Observation data Epoch J2000 Equinox ICRS
- Constellation: Auriga
- Right ascension: 05^{h} 26^{m} 54.31751^{s}
- Declination: +35° 27′ 26.1855″
- Apparent magnitude (V): 6.3062±0.0008

Characteristics
- Spectral type: K7III
- Apparent magnitude (G): 5.66
- U−B color index: +1.68
- B−V color index: +1.45

Astrometry
- Radial velocity (R_{v}): −20.28±0.13 km/s
- Proper motion (μ): RA: −14.565±0.055 mas/yr Dec.: −11.452±0.031 mas/yr
- Parallax (π): 4.6665±0.0372 mas
- Distance: 699 ± 6 ly (214 ± 2 pc)
- Absolute magnitude (M_{V}): −0.08

Details
- Mass: 2.7 M_{☉}
- Radius: 30 R_{☉}
- Luminosity: 259 L_{☉}
- Surface gravity (log g): 1.50 cgs
- Temperature: 4,265 K
- Metallicity [Fe/H]: −0.084±0.093 dex
- Age: 5.6 Gyr
- Other designations: BD+35°1102, FK5 2408, HD 35519, HIP 25476, HR 1794, SAO 58029, Gaia DR3 182940906456370304

Database references
- SIMBAD: data

= HD 35519 =

Star in the constellation Auriga

HD 35519 is a K-type giant star in the direction of open cluster Messier 38. It was once treated as a cluster member, but is now known to be a foreground object located at a distance of about 699 ly.

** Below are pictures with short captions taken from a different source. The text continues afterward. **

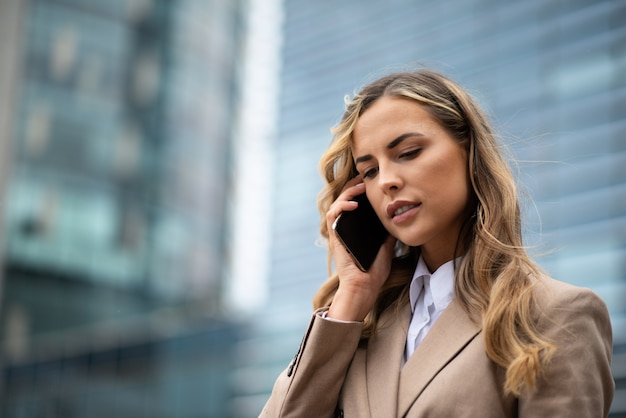 Bionda e giovane imprenditrice parlando al telefono in una strada cittadina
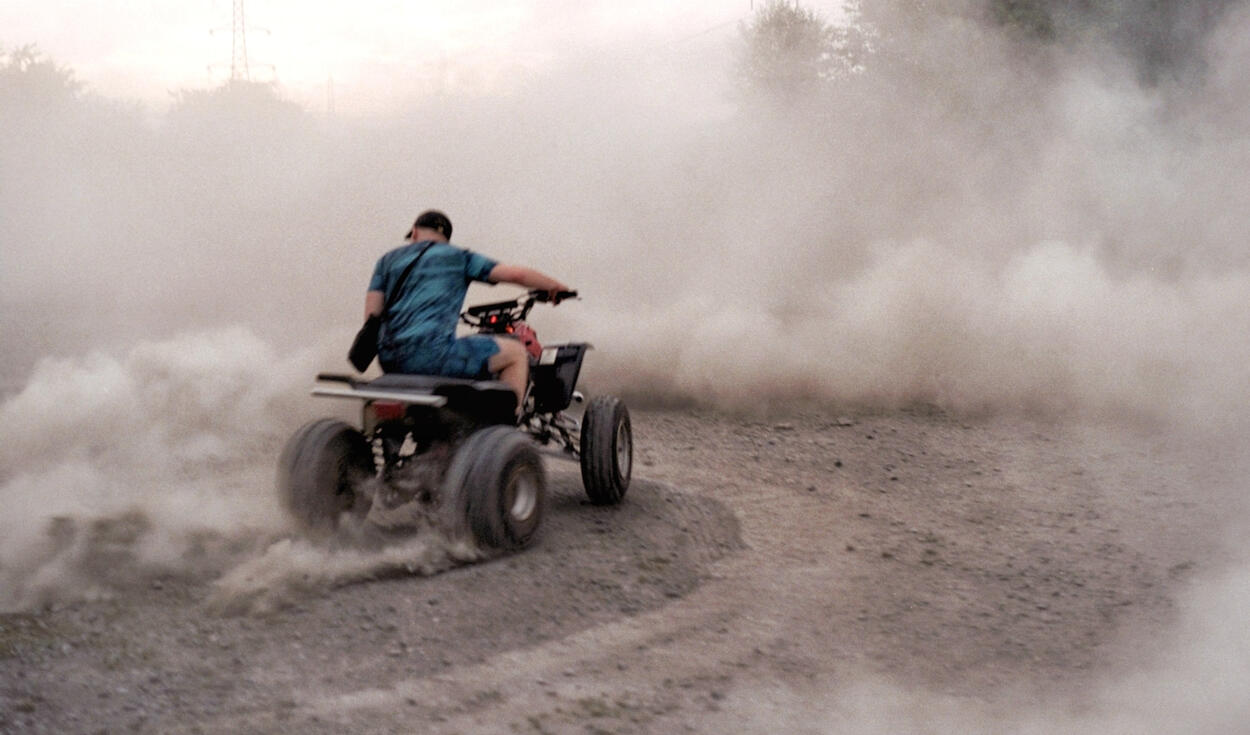 Rider kicking up dust on a quad bike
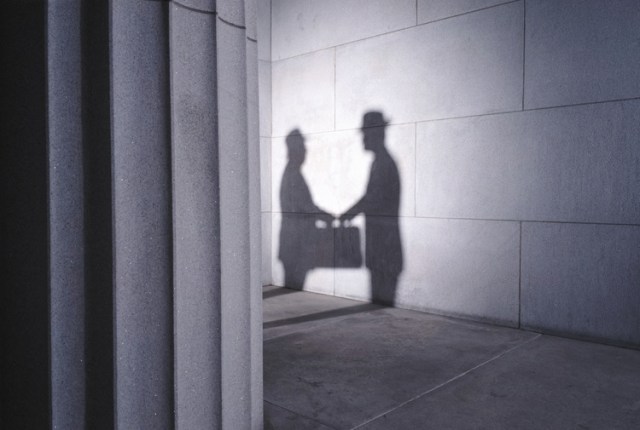 Shadows of two men with briefcase shaking hands, side view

The star has expanded to about 30 times the Sun's radius and radiates around 259 times the Sun's luminosity at a temperature of about 4,265 K. HD 35519 is 5.6 billion years old and has 2.7 times the Sun's mass. At an apparent visual magnitude of 6.3062, the star is visible to the naked eye under good viewing conditions.